# Partner's mother is extremely dependent on him. Is that bad?



## coffeegirl (Mar 16, 2021)

Hi there, I'm new here, so please bear with me 
I have a question regarding my partner and his mother. For context, we've been together about 8 years.

About 2 years ago, his parents split up after 23 years of marriage. It was his dad's decision, and she had and is still having a very hard time with it. I don't blame her at all for being upset, her husband was her first boyfriend, first kiss, first everything. To say this has been a difficult adjustment is an understatement.
Throughout their marriage, my partner's dad basically did everything for her. Took car of her car, did yard work, house work, etc. She was very dependent on him for all of these different things and since he left, she's been having a lot of trouble doing this on her own, which makes a lot of sense considering she had someone to do it for her for so long!

Since he left, she's shifted a lot of those responsibilities onto my partner and now he feels obligated to go over to take care of things for her. He'll run errands for her, take her car into the shop, make phone calls for her, assemble the things that she's bought, etc. He has a heart of pure gold but I can see how it stresses him out sometimes--he has his own responsibilities to take care of. He also has an older brother, and as far as I know she doesn't reach out to him for the same kind of help.

This bothers me, but what bothers me the most is the emotional labor she puts onto him and his brother as well. She has yet to look for a therapist, which she very much needs in order to deal with the loss of her marriage. Instead, she will call my partner and/or his brother crying, saying horrible things about their father, saying irrational things, and even once threatened to hurt herself (that was a whole thing that I don't feel comfortable talking about on a forum)
Several times when we've come over for dinner, she's had a few too many and ended up crying about the divorce and spewing hateful vitriol about my partner's father right in front of him. 
The other day I was extremely sick and awaiting COVID test results and he told me he was going to go over to his mom's house because she called him saying she wasn't doing well--I had to reason with him because that wouldn't have been a safe call for anyone's health. 

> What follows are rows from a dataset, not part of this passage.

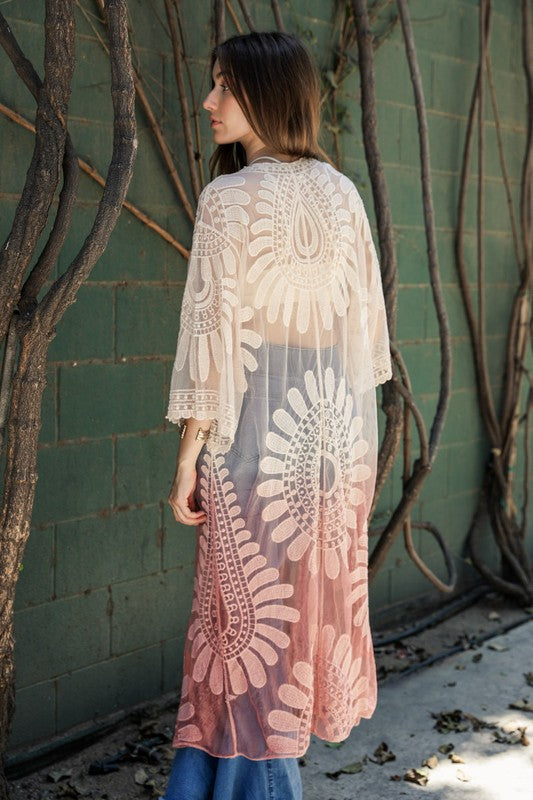 Angelina Ombre Bohemian Lace Kimono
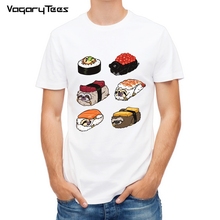VagaryTees divertido creativo Frenchie perro/gato/perezoso Sushi diseño camiseta de moda alimentación Animal camiseta para hombre estampada Hipster Tops Tee 2024 - compra barato
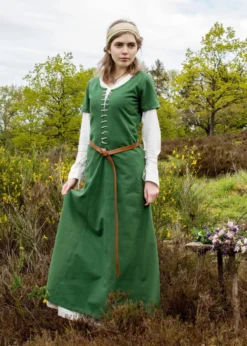 Kurzärmelige Cotehardie Ava, Mittelalterkleid, grün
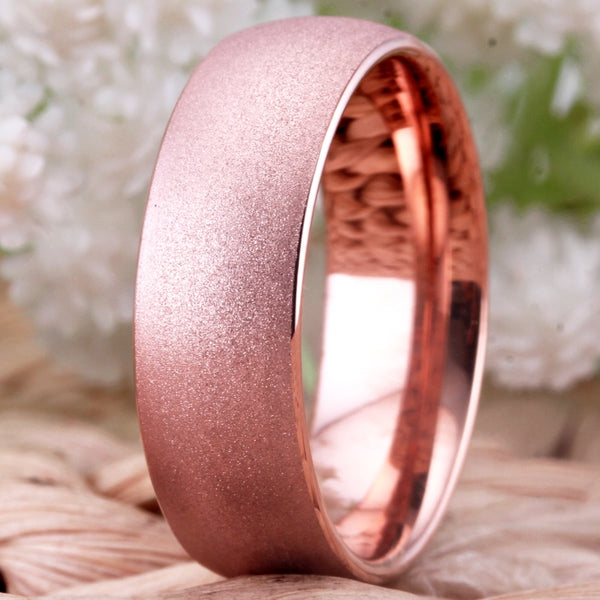 Women's 8mm Brush Rose Gold Tungsten Carbide Ring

She expects to see him and his brother quite often, and gets upset when they go even two weeks without seeing each other. I know it's different for everyone, but I personally don't see my parents every month even and don't really know anyone else our age who sees their parents all the time. (they live the same distance away as his mother does, about 30 minutes, but we're all very busy and have other obligations to take care of as well--we still keep in touch daily, but don't see each other in-person very often) We're also trying to keep exposure down and be as responsible as possible, but she will still go visit his brother and brother's girlfriend even when one of them is feeling sick.

She depends on her sons SO much for her emotional well-being, because she never got the opportunity to learn to care for herself.

I do think that grown children should be there for their parents in times of need, but there is a line between helping someone and having that person be completely emotionally dependent on you. 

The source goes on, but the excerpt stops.